A new docudrama released by the FBI tells the true story of Glenn Duffle Shriver, an American student and “textbook case of recruitment” who’s now serving four years in prison for conspiring with foreign intelligence officers while living in Shanghai.
Painful dialogue, a host of clichés and the overall Lifetime Original-quality of the film aside, the true events behind Shriver’s fate are pretty fascinating. Around October 2004, Shriver was nearing the end of his visa stay and needed some extra cash. He responded to an ad online seeking someone to write political papers for cash, and met up with a woman named Amanda, who paid him $120 to write about US-Sino relations.
Eventually, the woman introduced Shriver to a group of associates who were interested in forming a “friendship” with him, suggesting that he apply for a government job.
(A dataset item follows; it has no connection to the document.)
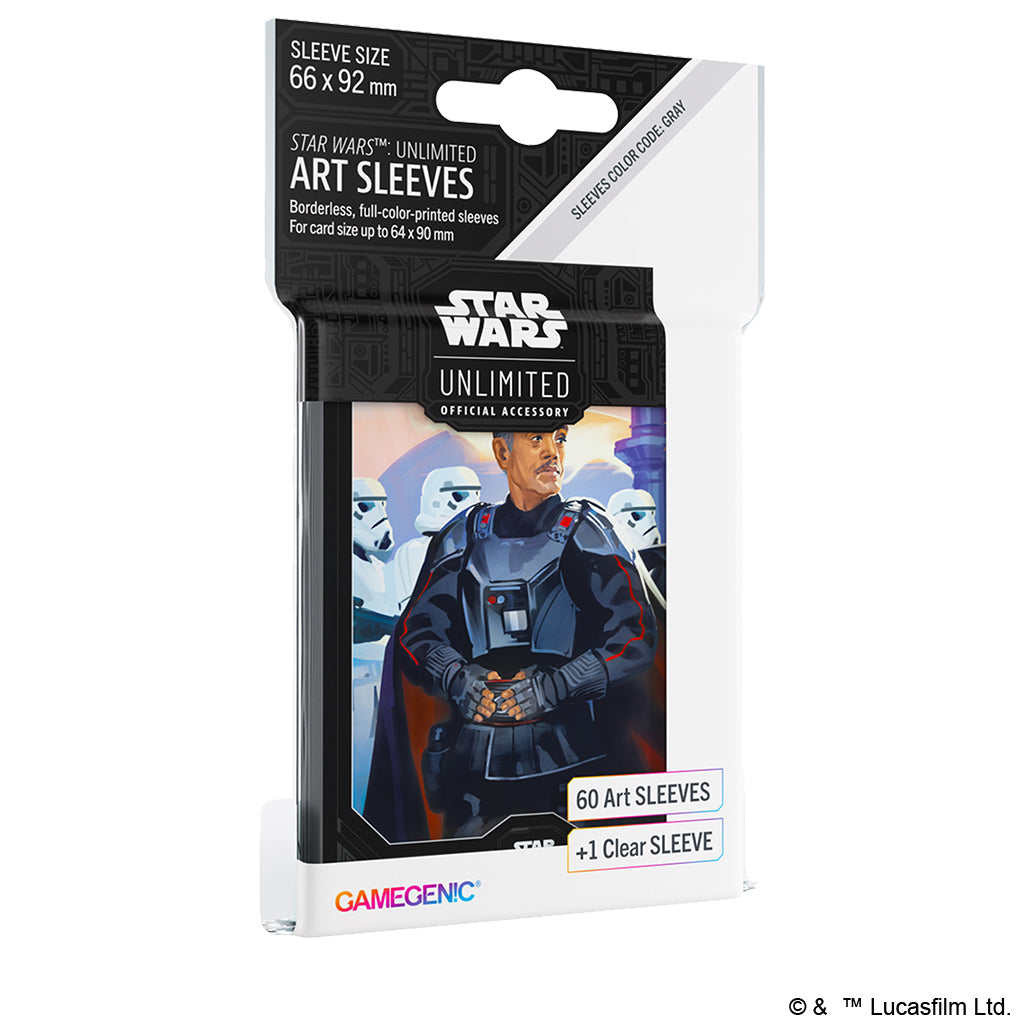 Star Wars Unlimited: Art Sleeves moff gideon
At this point, Shriver realized that the the group was affiliated with the PRC government. “What, um, what exactly are you asking me?” he asks in the film, although he goes and applies for the CIA anyways.
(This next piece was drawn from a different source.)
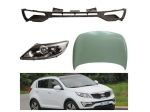 Kia Sportage frontale paraurti griglia cofano kit airbag cerchi 2011>15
The rest documents his entanglement with the crowd and his inevitable downfall after being uncovered and arrested by the FBI in 2010 at customs. The same year, Shriver pled guilty to conspiring to provide national defense information to China and was sentenced to four years in federal prison.
A cautionary tale is what this film serves to students in Shanghai carelessly sipping down buckets of fake liquor at Perry’s as if they’re not about to be picked up by PRC intelligence officers and become one of their disposable pawns. As Shriver stated in a warning posted to the FBI’s website: “A keen awareness is the most powerful weapon [against being recruited].”